There is shocking snobbery here and stupidity.
An interest in TV programmes is not incompatible with other interests.
I was a square-eyed child of the '70s. Among my favourite programmes from about five were wildlife documentaries - I longed to be Val Taylor with her floaty long blonde hair and wet suit - cartoons of all types, the Banana Splits, children's programmes such as The Herbs, Mary, Mungo and Midge, Mr Benn, How?, Bagpuss, Pipkins, Dangermouse and Grange Hill.
At the same time I managed to be a bookworm, a competitive swimmer, a middling rider, an absolutely graceless gymnast and talk to my parents.
I also got hooked on the news from an early age - proper news, not Newsround - and I'm now a journalist working in arts and entertainment.

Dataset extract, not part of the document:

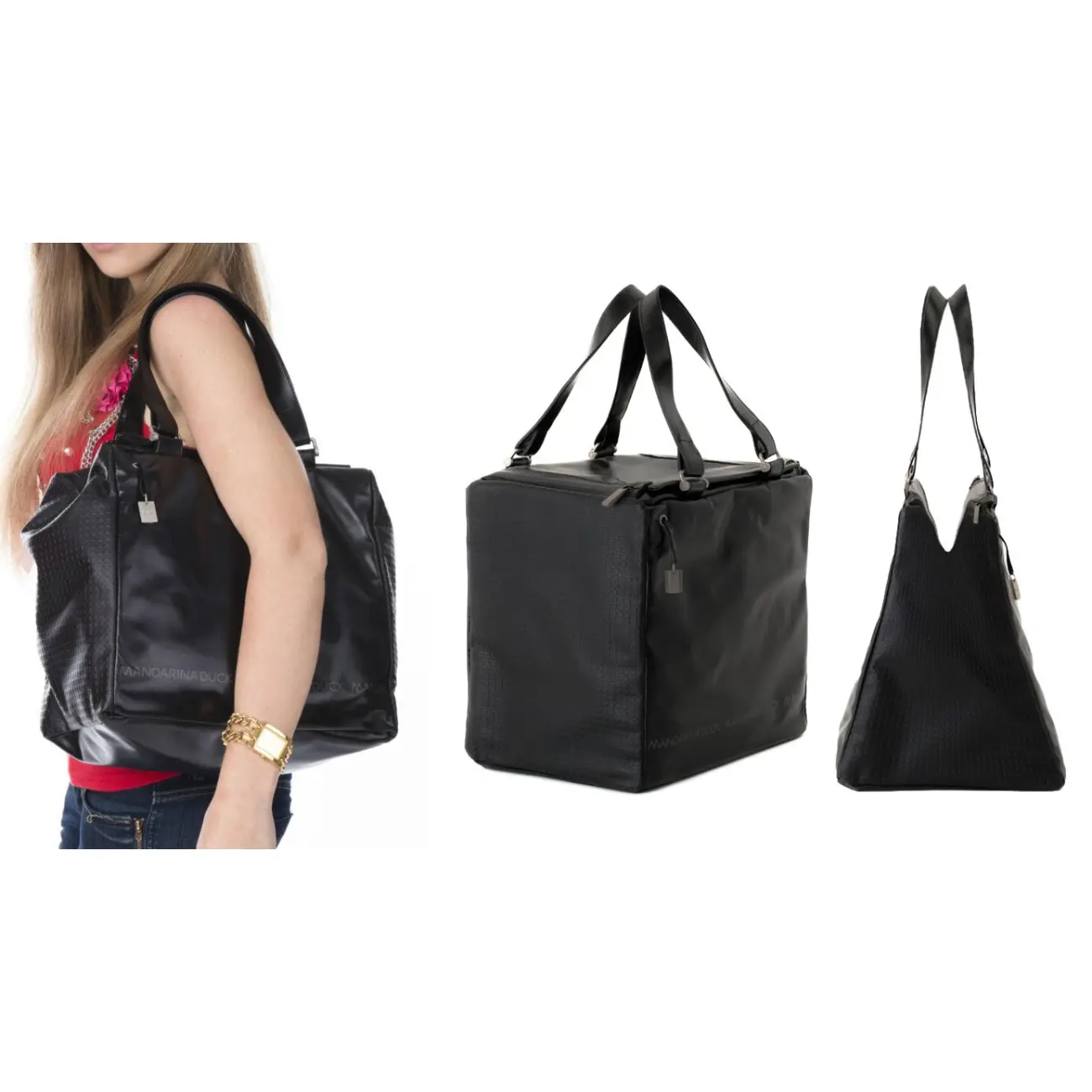 Mandarina Duck Desire Pelle Pferdeleder Koffer Handtasche Sporttasche Henkeltasche Reisetasche Tasche Bag Schwarz 30x29x22 cm (BxHxT) Exklusivangebot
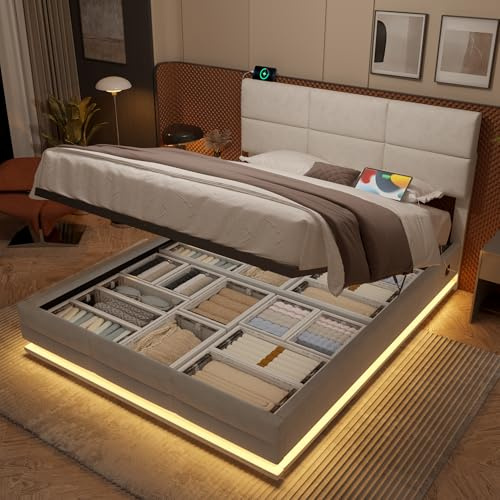 MARSBIRD Polsterbett 160x200cm mit Stauraum, Doppeltbett Bettrahmen mit LED und Zweiseitige USB/Type-C-Ladefunktion, Bettgestell mit verstellbarem Kopfteil, mit Lattenrost Ohne Matratze, Beige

In my mid to late teens I loved things such as Lou Grant, Soap, Cagney and Lacey, the Gentle Touch. Anyone who dismisses telly out of hand, doesn't understand its power of good telly to subvert.
I wouldn't be able to do that without a grounding in popular and highbrow entertainment so I agree with harryhausen (I loved those films too btw) that it can lead to gainful employment.
It used to be BBC2 when I was little. Now I'm very impressed with Sky Arts, BBC4 etc. Do you telly rationers know about that?
That's not too much of a stretch for a child who might like ballet, opera, serious popular music and photography or who want to work on their languages by watching Sky Arts's middle-brow foreign soaps - they've done programmes from Spain, Italy, France and Portugal which are mostly similar to things like Downton Abbey.
However, in the case of Italy's Romanzo Criminale, they were breathtaking in their scope for discussing recent history. Corleone was also good for that, but not quite as good.
Do you know about that?
Neither do I understand the objection to TV as a background noise unless you turn everything off and just listen to traffic noise or birdsong or the neighbours arguing.
Or maybe Radio 3 is acceptable. Do tell.
I work from home and have Sky News on as my background noise. I'll sometimes switch to R4 but they will be news programmes or some comedy shows.
DH watches sports and I have to confess that the constant 'mroww, mroww, mrowwing' of Formula 1 on a Sunday drives me insane. But you know, live and let live.